### Instructions for the task
When you find the line with "Hexagonal measuring cylinder stand" among the records below, reproduce it and each line after it exactly, ending with the line with "Image of Boots.".

### Exercise input
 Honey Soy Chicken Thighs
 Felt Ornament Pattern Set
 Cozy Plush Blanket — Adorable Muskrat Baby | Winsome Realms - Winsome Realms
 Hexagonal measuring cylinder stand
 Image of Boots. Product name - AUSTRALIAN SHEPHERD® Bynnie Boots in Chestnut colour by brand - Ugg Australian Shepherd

==

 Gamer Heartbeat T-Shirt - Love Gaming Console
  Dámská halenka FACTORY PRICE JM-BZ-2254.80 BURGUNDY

==

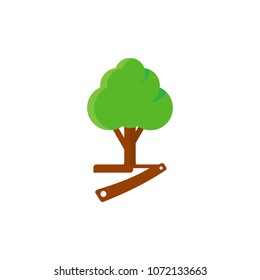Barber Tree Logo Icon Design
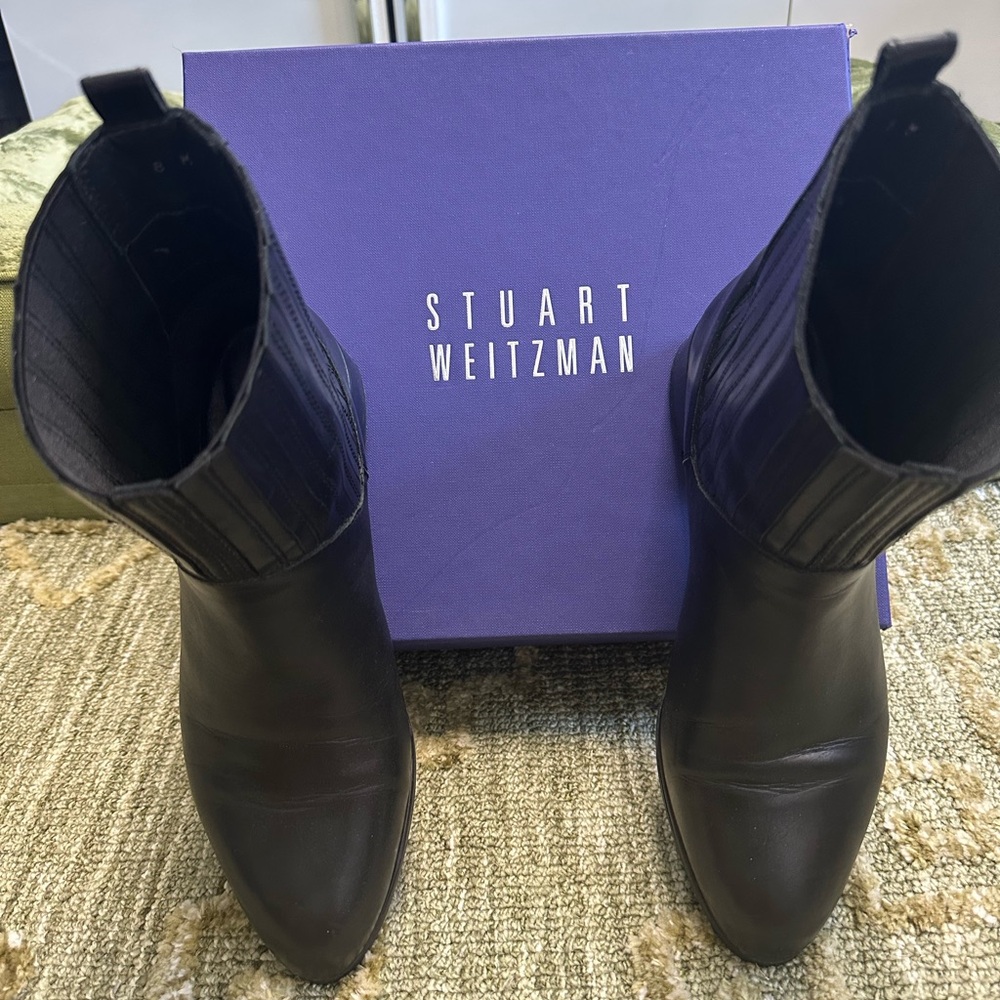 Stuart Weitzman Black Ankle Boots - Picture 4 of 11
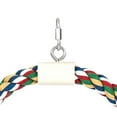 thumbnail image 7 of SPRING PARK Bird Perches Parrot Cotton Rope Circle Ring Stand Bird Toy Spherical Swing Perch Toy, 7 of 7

### Exercise result
 Hexagonal measuring cylinder stand
 Image of Boots. Product name - AUSTRALIAN SHEPHERD® Bynnie Boots in Chestnut colour by brand - Ugg Australian Shepherd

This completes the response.